• Exercise data:
================

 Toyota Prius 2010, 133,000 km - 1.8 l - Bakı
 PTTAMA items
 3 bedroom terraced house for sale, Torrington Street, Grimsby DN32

================

• Task to complete: Return exactly the lines of the listing that run from the one containing "PTTAMA items" through the last, and no others.

• Answer to this problem:
 PTTAMA items
 3 bedroom terraced house for sale, Torrington Street, Grimsby DN32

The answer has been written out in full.